::: DATA FOR THIS TASK

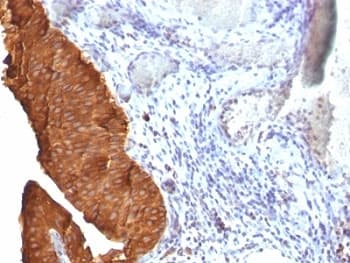 KRT19 / CK19 / Cytokeratin 19 Antibody (clone SPM561)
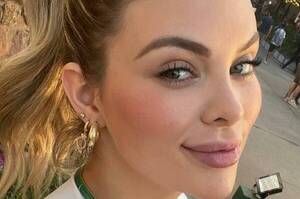Modelo explicó qué pasó con sus labios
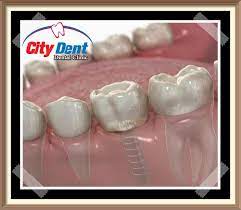 مخطئ من يعتقد أن مجال زراعة الاسنان الفورية وربما مجال زراعة الأسنان قد ظهر زراعة الأسنان الفورية فجأة على ساحة طب الأسنان dental clinic dental clinic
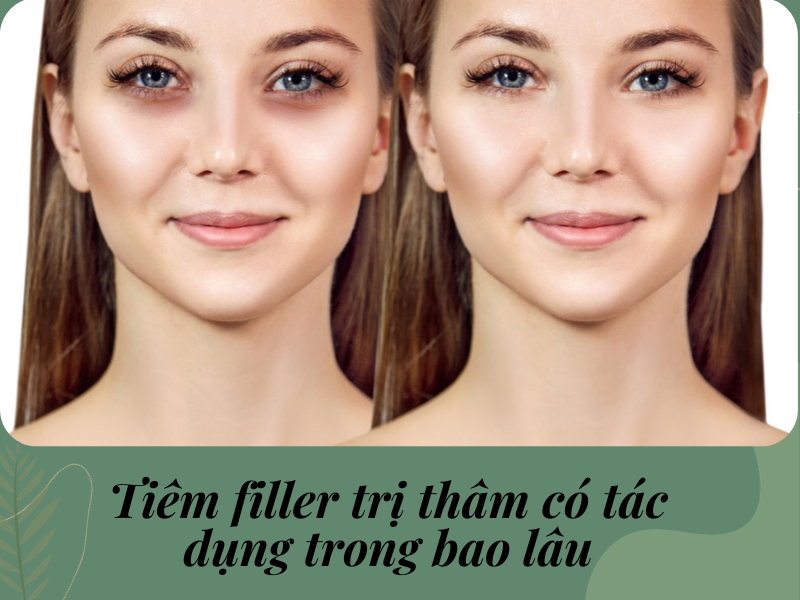 Tiêm tan quầng mắt có tác dụng trong bao lâu?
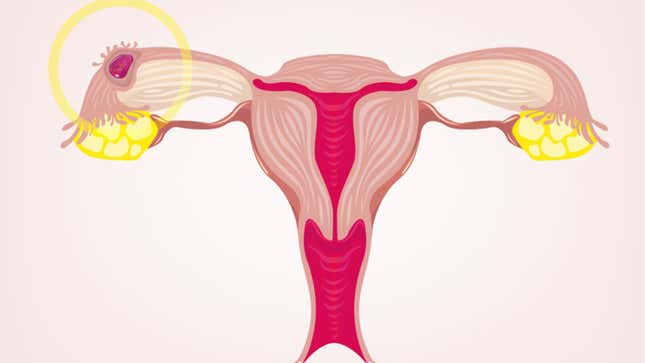 Image for article titled Why an Ectopic Pregnancy Can&#39;t Be &#39;Reimplanted&#39;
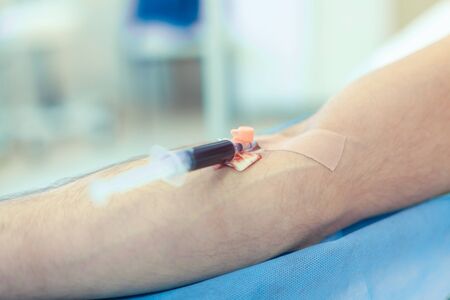 Preparation for surgery. Medical nurse with pink latex gloves inputs catheter to vein patient for drip of chemotherapy or another liquid medicine, jection of propofol to patient for iv anesthesia.の写真素材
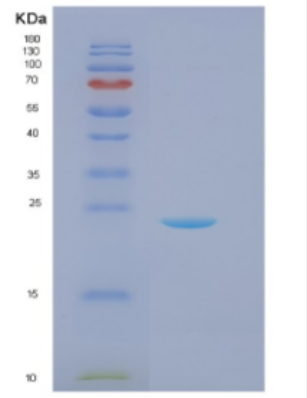 Recombinant Recombinant DJ-1(PARK7) Protein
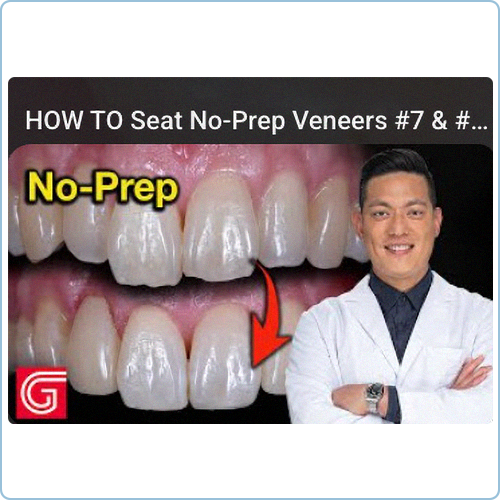 Case Videos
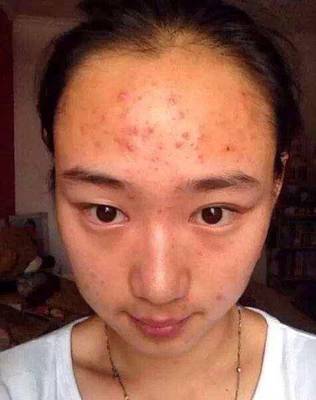 痘痘要好的征兆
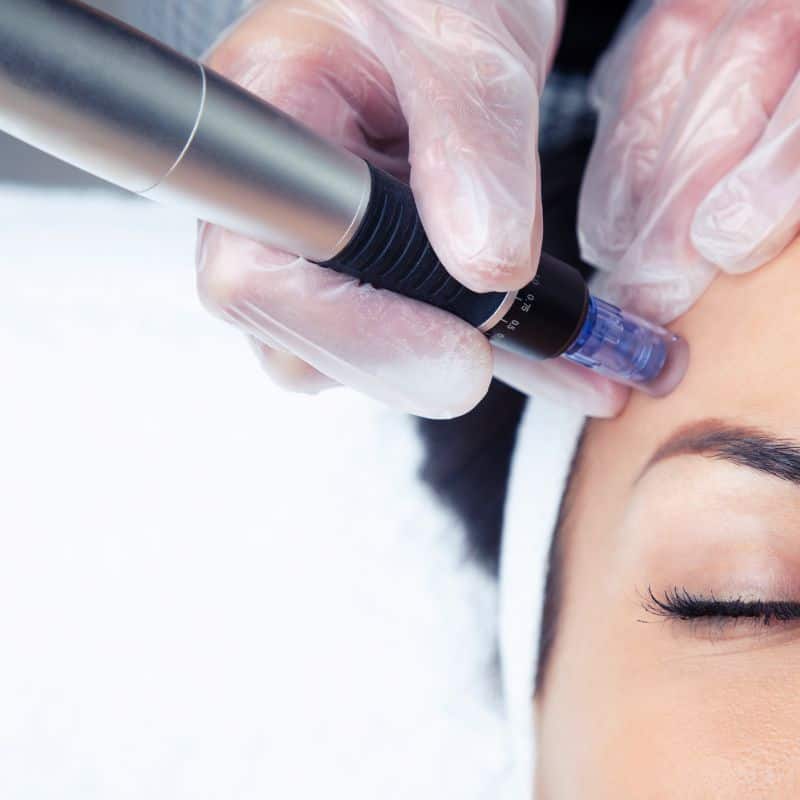 Morpheus8 treatment Ashby Magna from Lipo Sculpt - Book in today!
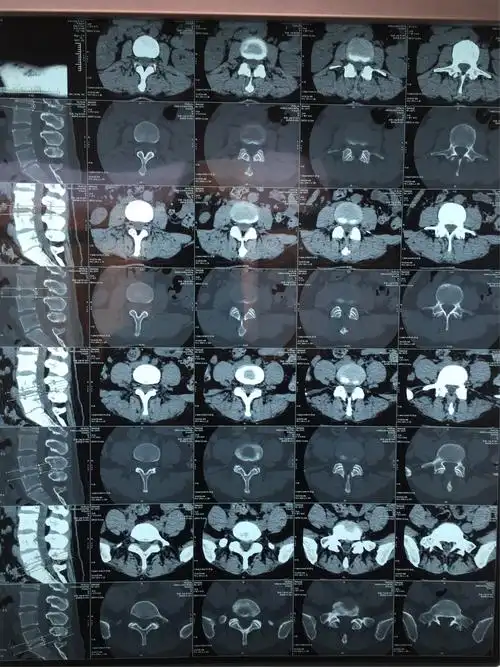 旁中央型腰间盘突出症病人.39岁女性病人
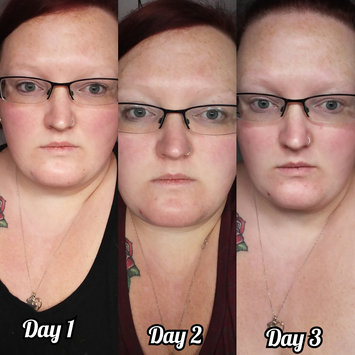 Photo of Clean & Clear Alcohol-Free Lemon Juice Facial Toner uploaded by Michelle H.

::::::

● **PROBLEM TO WORK ON**
Your answer must be an exact copy of the records, with every picture left out.

● **ANSWER TO THE PROBLEM**
 KRT19 / CK19 / Cytokeratin 19 Antibody (clone SPM561)
Modelo explicó qué pasó con sus labios
 مخطئ من يعتقد أن مجال زراعة الاسنان الفورية وربما مجال زراعة الأسنان قد ظهر زراعة الأسنان الفورية فجأة على ساحة طب الأسنان dental clinic dental clinic
 Tiêm tan quầng mắt có tác dụng trong bao lâu?
 Image for article titled Why an Ectopic Pregnancy Can&#39;t Be &#39;Reimplanted&#39;
 Preparation for surgery. Medical nurse with pink latex gloves inputs catheter to vein patient for drip of chemotherapy or another liquid medicine, jection of propofol to patient for iv anesthesia.の写真素材
 Recombinant Recombinant DJ-1(PARK7) Protein
 Case Videos
 痘痘要好的征兆
 Morpheus8 treatment Ashby Magna from Lipo Sculpt - Book in today!
 旁中央型腰间盘突出症病人.39岁女性病人
 Photo of Clean & Clear Alcohol-Free Lemon Juice Facial Toner uploaded by Michelle H.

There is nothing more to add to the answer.